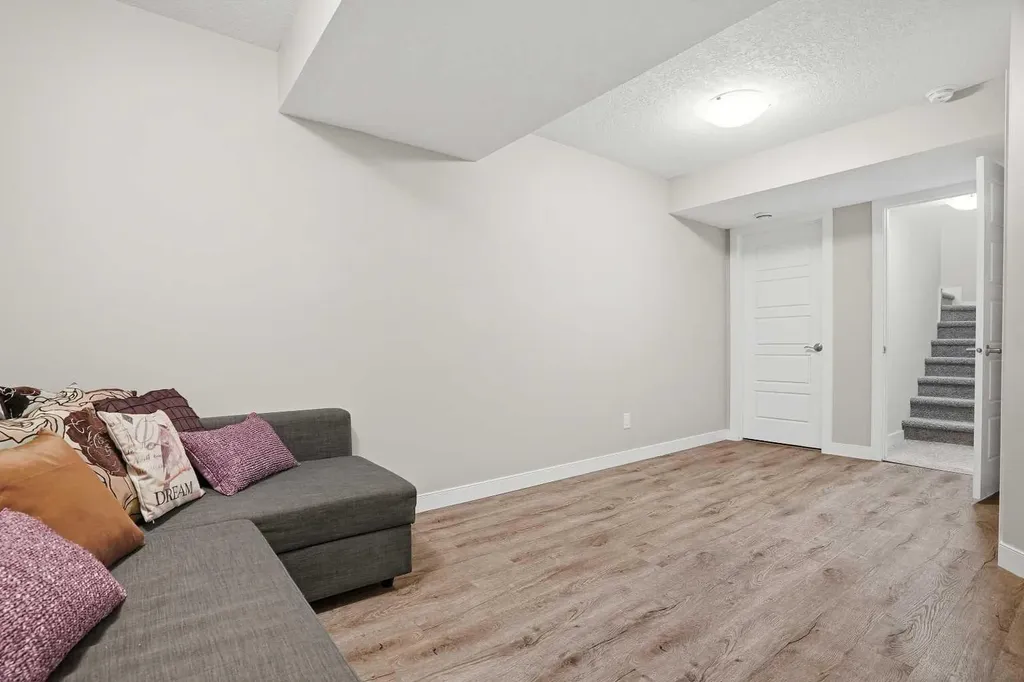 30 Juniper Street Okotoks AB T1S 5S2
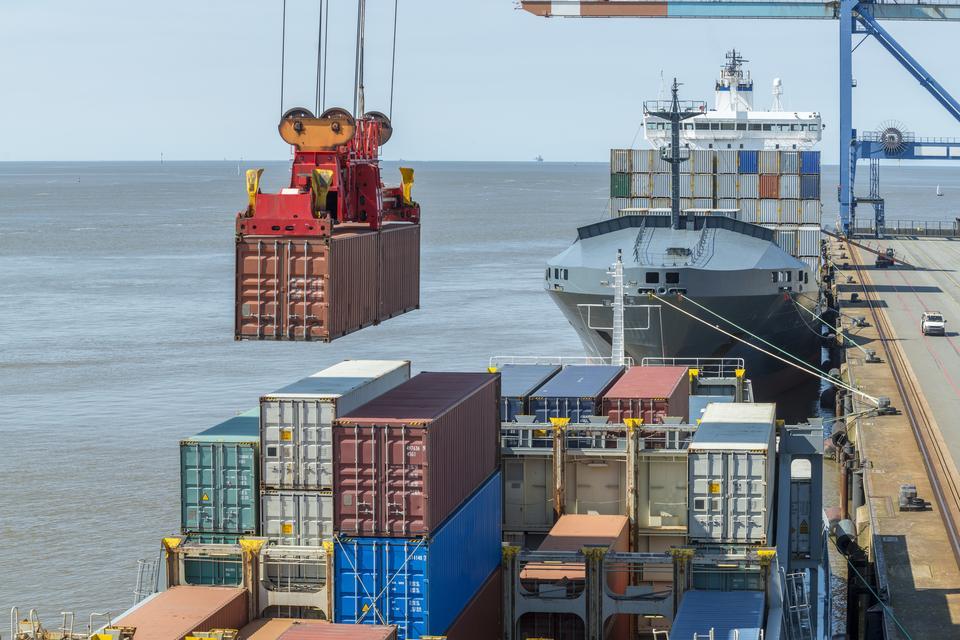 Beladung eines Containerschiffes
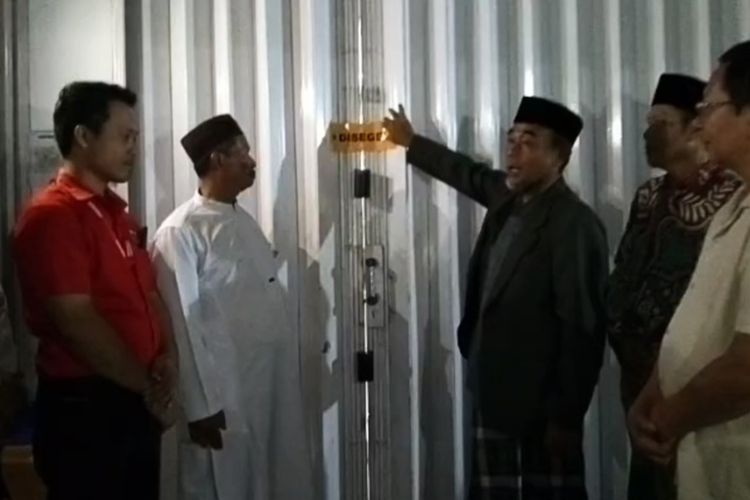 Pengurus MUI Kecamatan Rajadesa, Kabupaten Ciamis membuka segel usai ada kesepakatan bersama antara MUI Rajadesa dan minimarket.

...

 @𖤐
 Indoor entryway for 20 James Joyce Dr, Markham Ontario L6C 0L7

* * *

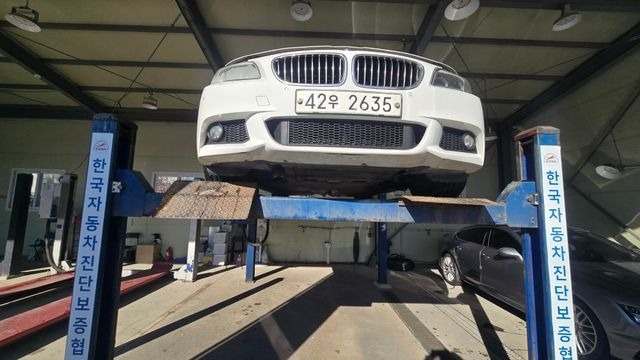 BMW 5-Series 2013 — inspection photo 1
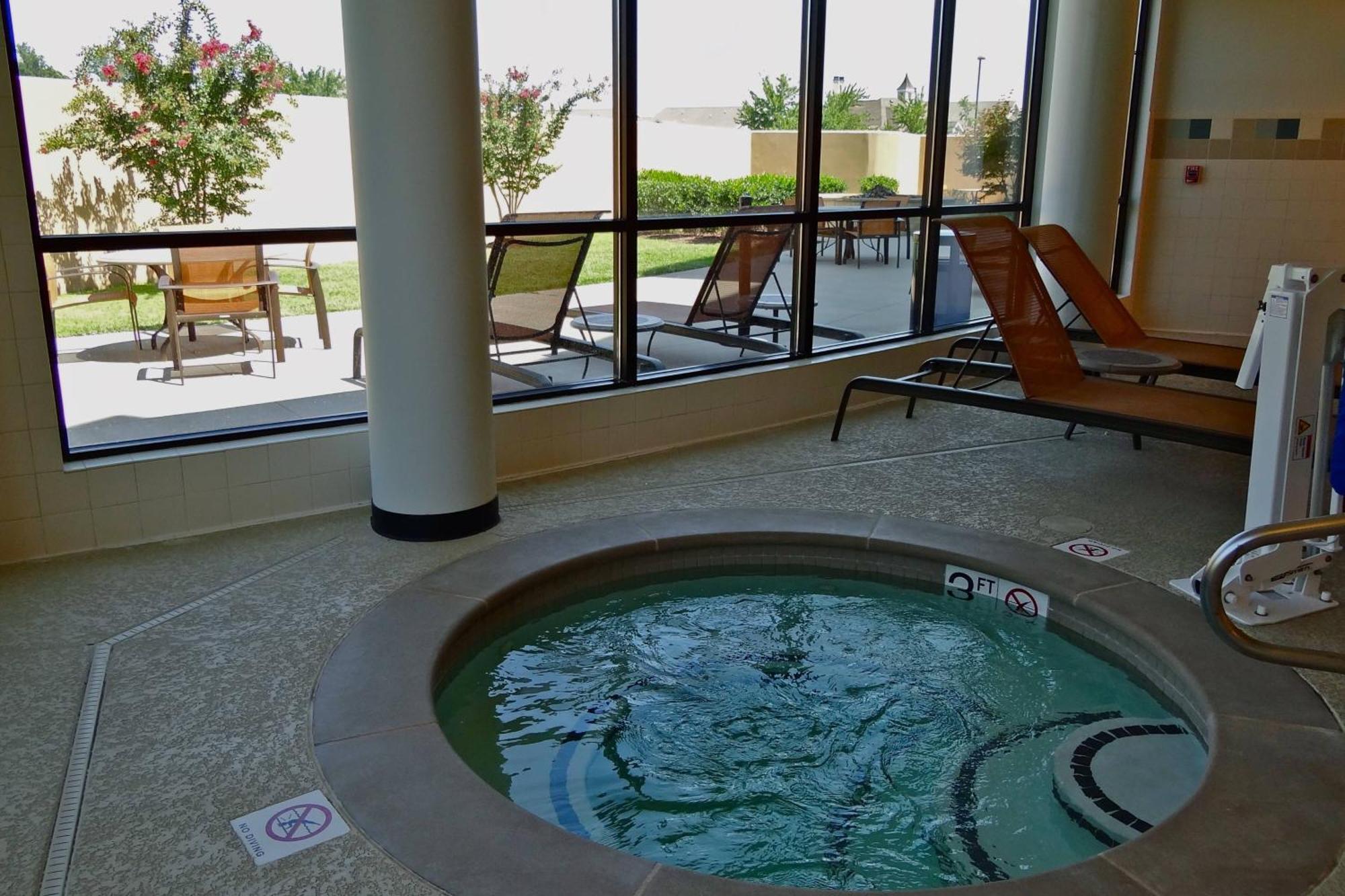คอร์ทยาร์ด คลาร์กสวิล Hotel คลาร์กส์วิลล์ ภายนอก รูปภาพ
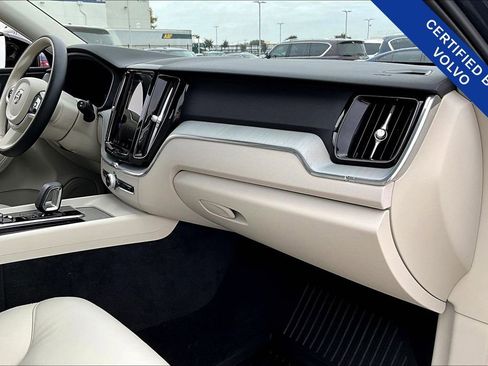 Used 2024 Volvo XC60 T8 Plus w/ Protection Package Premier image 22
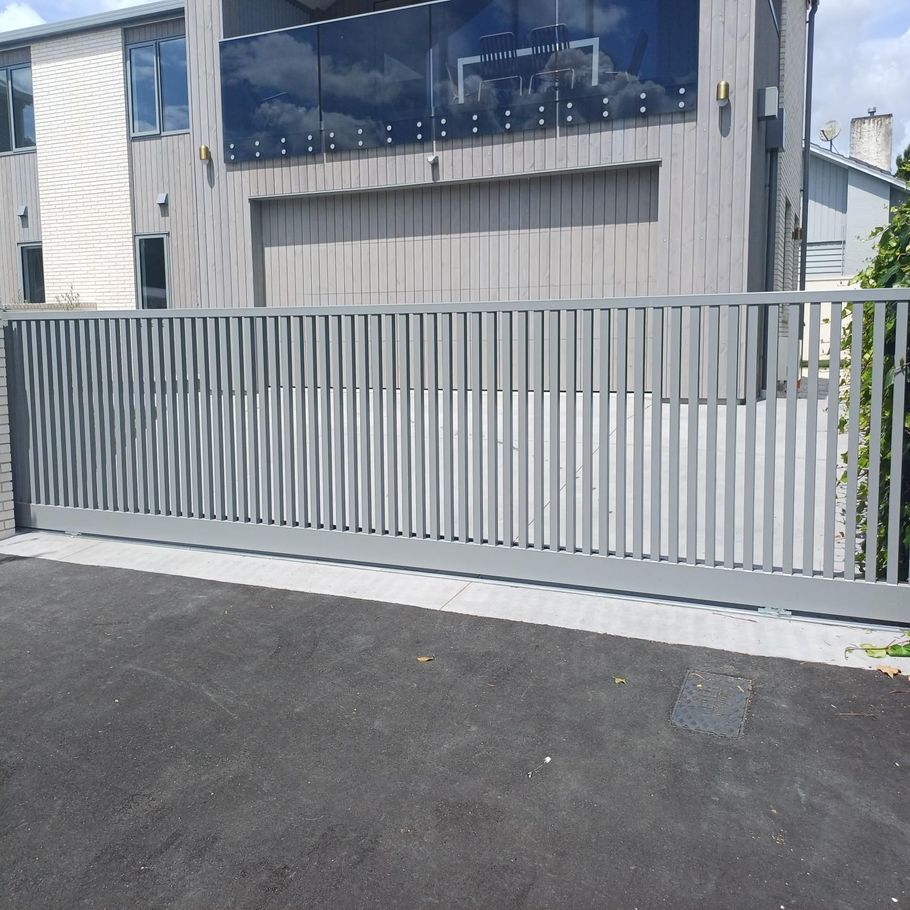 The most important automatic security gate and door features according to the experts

● **Exercise instructions**
Nothing but the lines from the one containing "Beladung eines Containerschiffes" through the one containing "Pengurus MUI Kecamatan" should appear, copied exactly from the material above and without pictures.

● **Solved exercise**
 Beladung eines Containerschiffes
 Pengurus MUI Kecamatan Rajadesa, Kabupaten Ciamis membuka segel usai ada kesepakatan bersama antara MUI Rajadesa dan minimarket.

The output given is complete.